The interest of Hong Kong people in purchasing properties situated outside Hong Kong has been on the rise in recent years. At the same time, there has also been an increase in the number of companies, including licensed property agents, taking part in the sale of such properties.

However, most consumers have limited knowledge of foreign regulatory regimes and taxation systems governing the purchase or leasing of these properties by foreign buyers. In particular, purchasing an incomplete property outside Hong Kong carries greater risk and may lead to a higher chance of complaint, as purchasers not only lack the opportunity to inspect the property and the progress of its construction, they may also have limited knowledge of the background and financial standing of the developers.

The Estate Agents Authority (EAA) therefore issued a practice circular, which took effect last year, on handling the sale of incomplete properties situated outside Hong Kong, to provide guidelines for licensed property agents to follow. Such guidelines only regulate licensed property agents, as non-licensees are outside the purview of the EAA.

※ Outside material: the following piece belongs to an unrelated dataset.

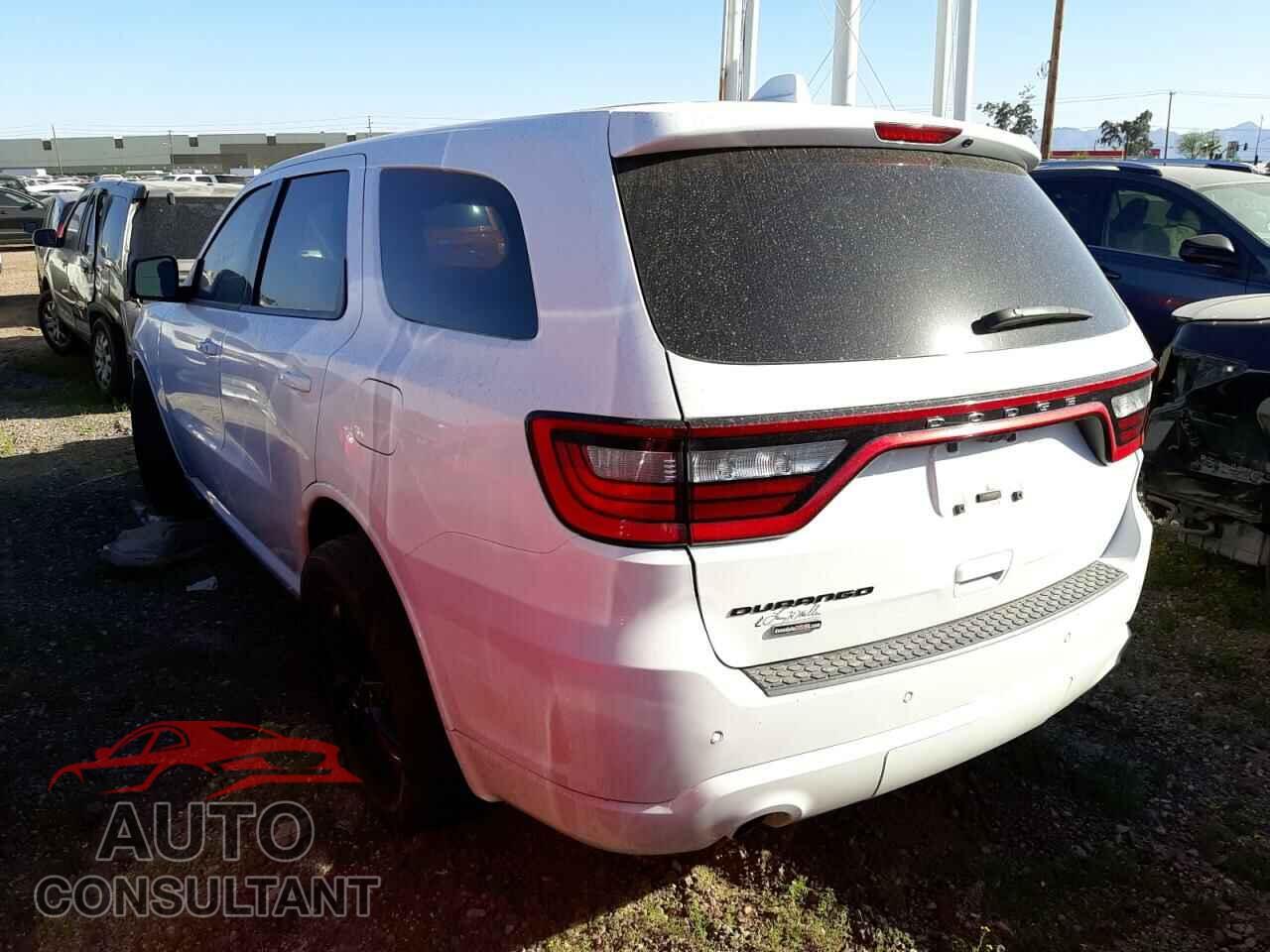 DODGE DURANGO 2018 - 1C4RDHAG5JC414137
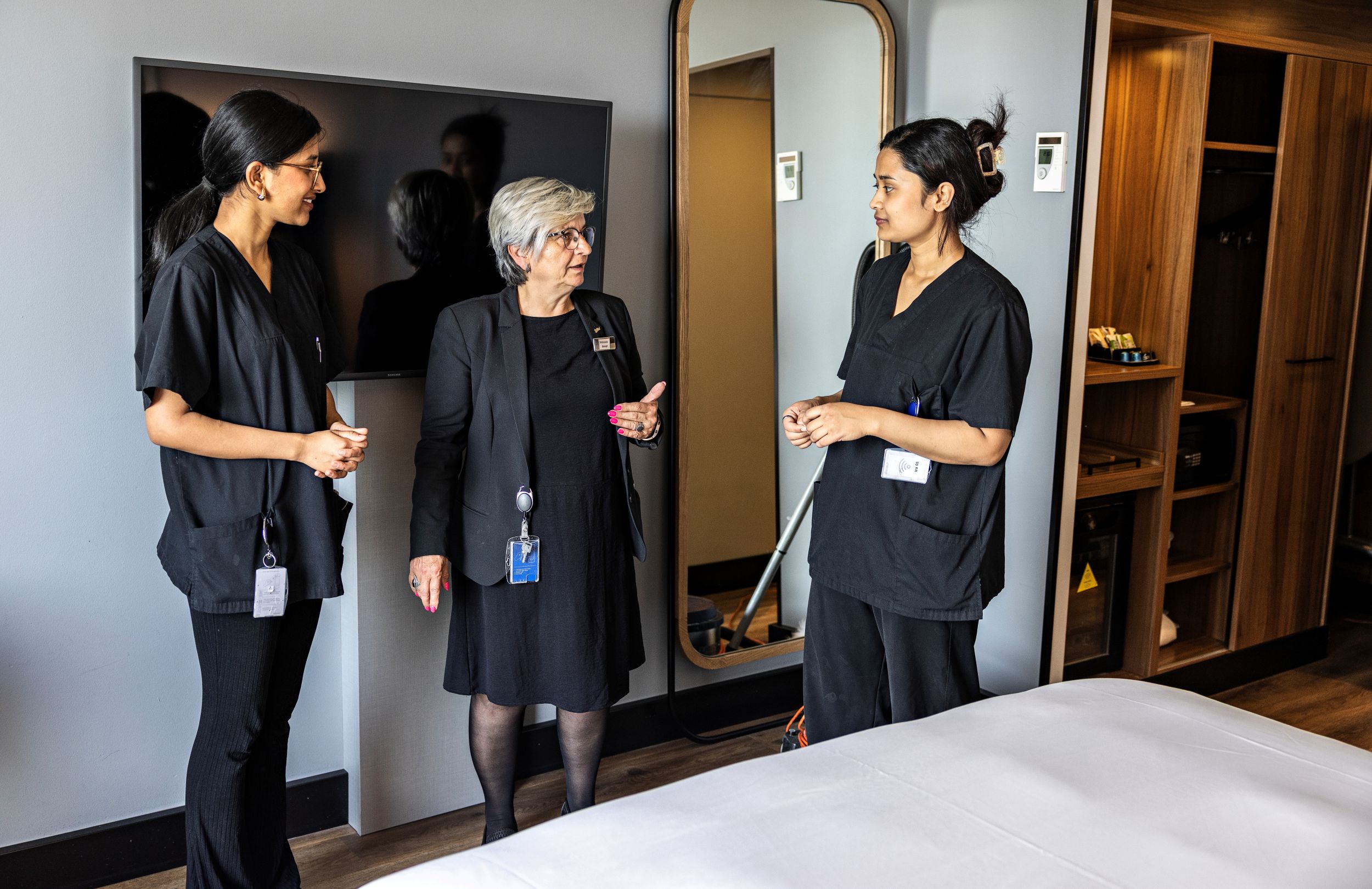 Opkvalificering til hospitality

Here I would like to share a case in which a licensed estate agency was in breach of the guidelines.

During an inspection of printed advertisements, EAA staff discovered that an advertisement of an incomplete property development in the United Kingdom issued by a licensed company did not comply with the requirements of the practice circular. The advertisement did not state clearly the development permit or approval numbers, the name of the relevant authority which issued such documents, and whether purchasers are acquiring an interest in the land, the building to be erected, and/or a right to use and occupy the properties in the building.

The estate agency admitted its negligence and the fact that it had failed to read the practice circular carefully. It reassured us that they would comply with the relevant guidelines in the future.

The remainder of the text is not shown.